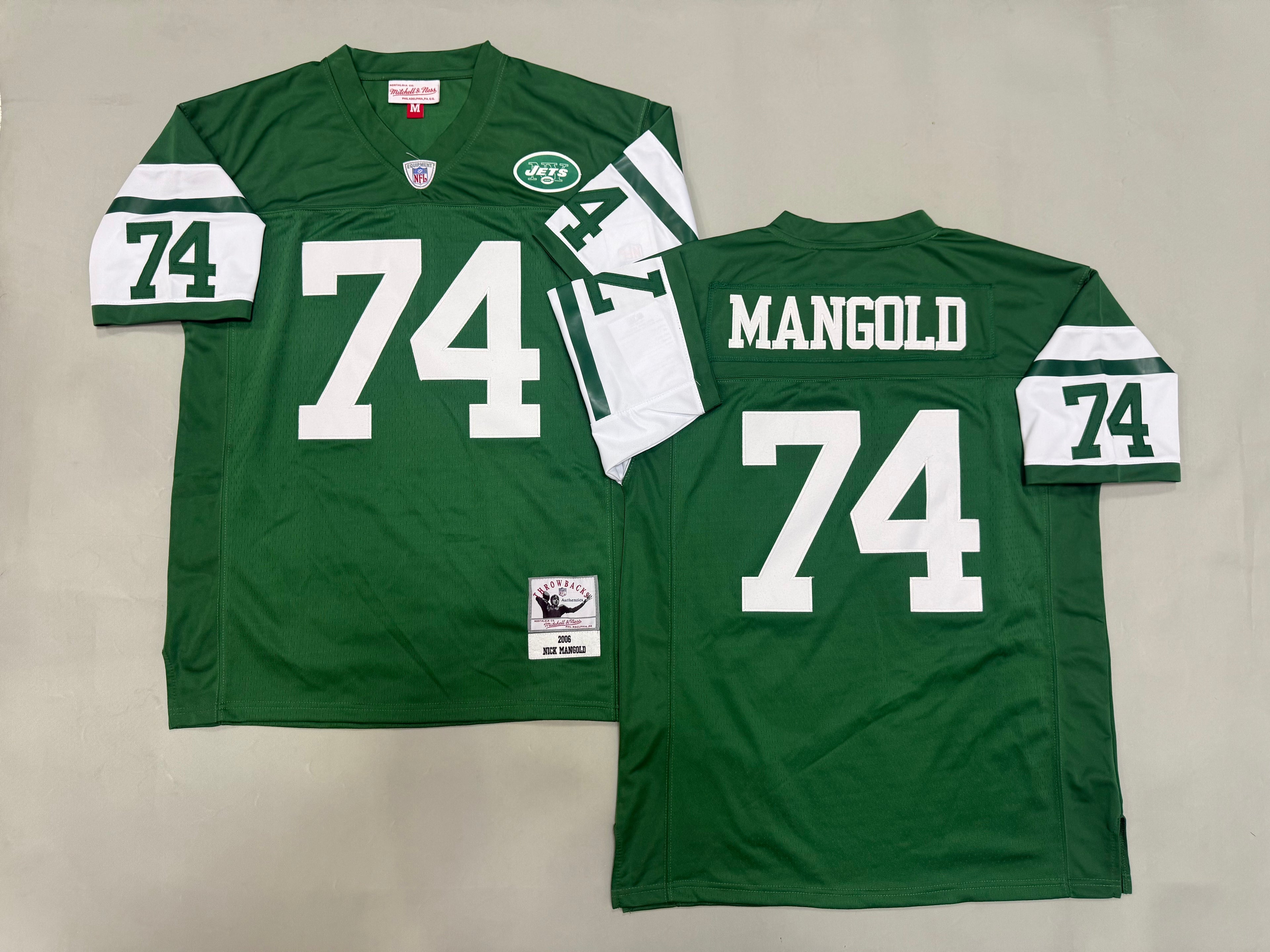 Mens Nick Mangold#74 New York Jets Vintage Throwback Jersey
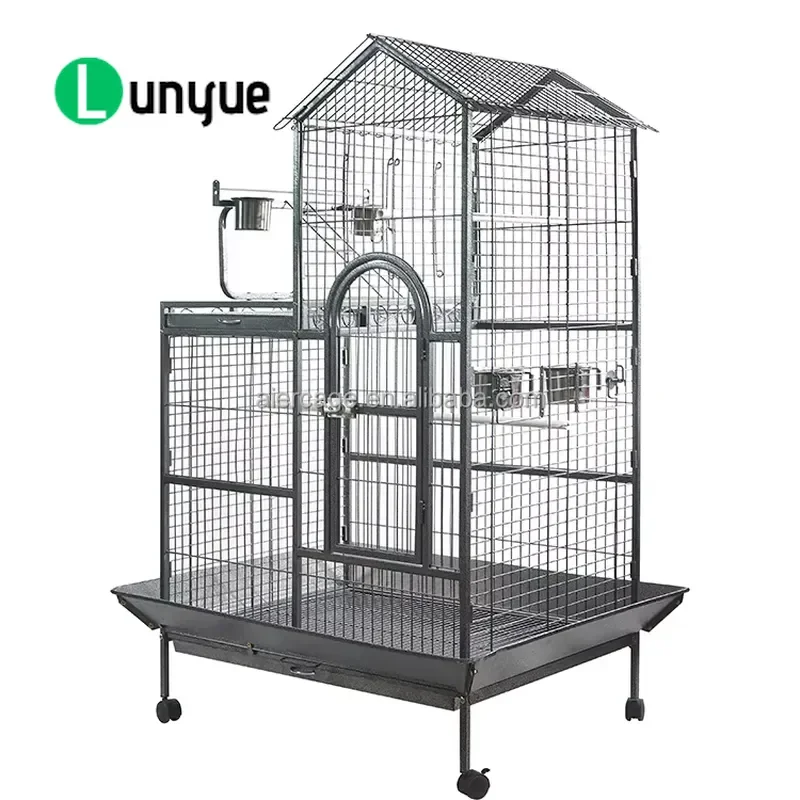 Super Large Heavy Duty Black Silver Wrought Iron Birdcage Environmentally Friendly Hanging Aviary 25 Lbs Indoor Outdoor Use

* * *

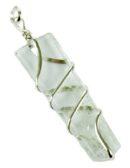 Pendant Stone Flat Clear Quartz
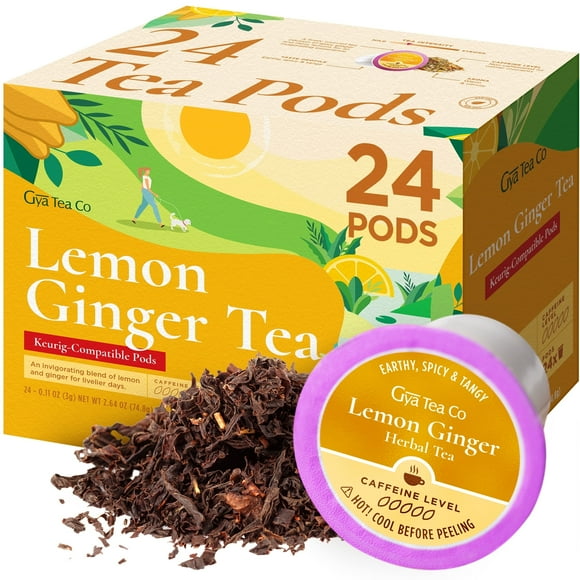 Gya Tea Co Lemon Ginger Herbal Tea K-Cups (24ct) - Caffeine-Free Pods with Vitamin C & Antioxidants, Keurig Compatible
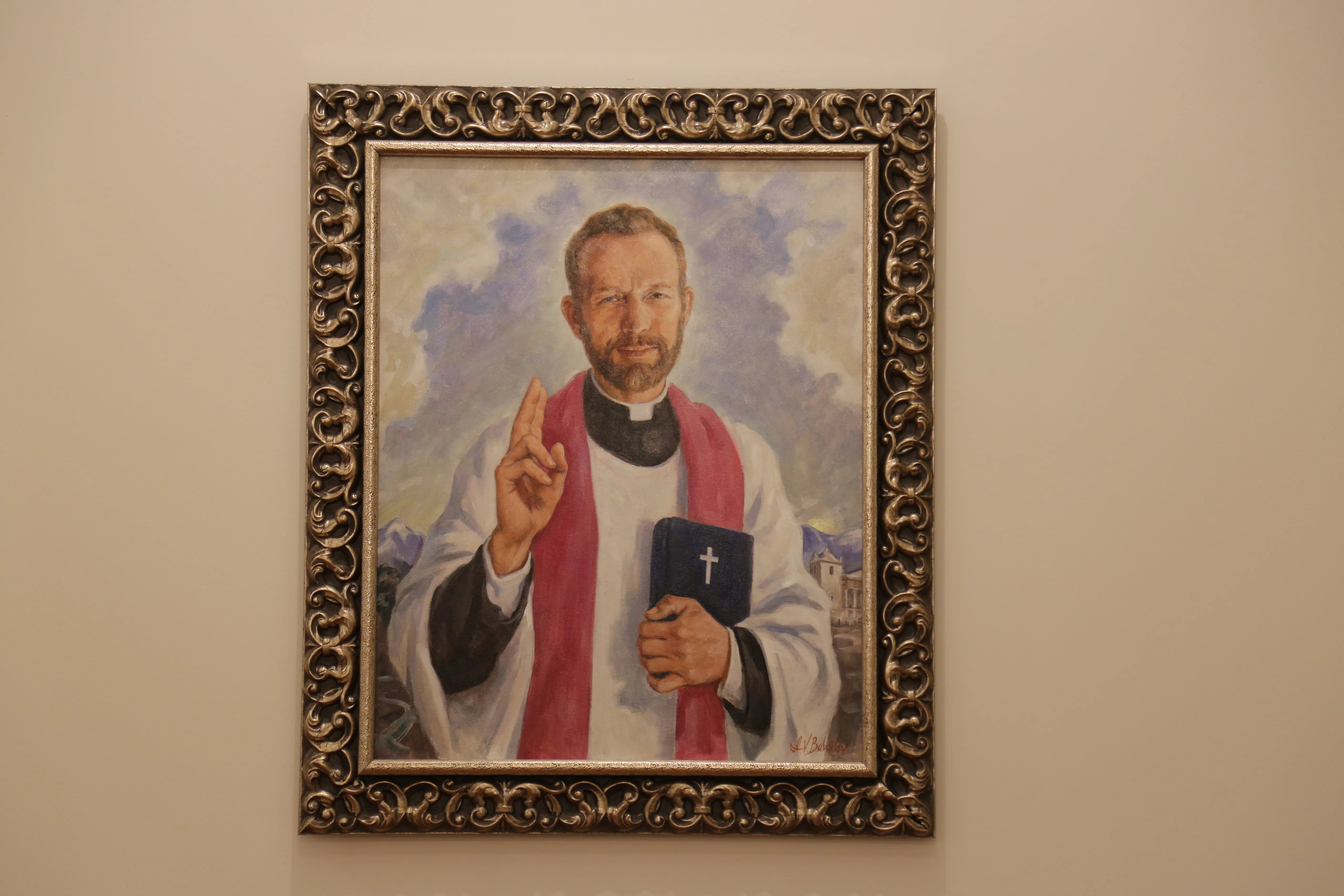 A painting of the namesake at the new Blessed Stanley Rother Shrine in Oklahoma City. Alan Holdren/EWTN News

---

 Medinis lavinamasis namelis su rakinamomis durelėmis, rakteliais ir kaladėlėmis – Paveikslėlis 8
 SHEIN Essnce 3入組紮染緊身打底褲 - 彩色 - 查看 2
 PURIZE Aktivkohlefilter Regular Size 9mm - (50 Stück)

EXERCISE
Among the records above, locate the line containing "Mens Nick Mangold#74" and the line containing "Super Large Heavy", then transcribe exactly the lines starting at the first and ending at the second, with no pictures.

SOLUTION FOR THIS EXERCISE
 Mens Nick Mangold#74 New York Jets Vintage Throwback Jersey
 Super Large Heavy Duty Black Silver Wrought Iron Birdcage Environmentally Friendly Hanging Aviary 25 Lbs Indoor Outdoor Use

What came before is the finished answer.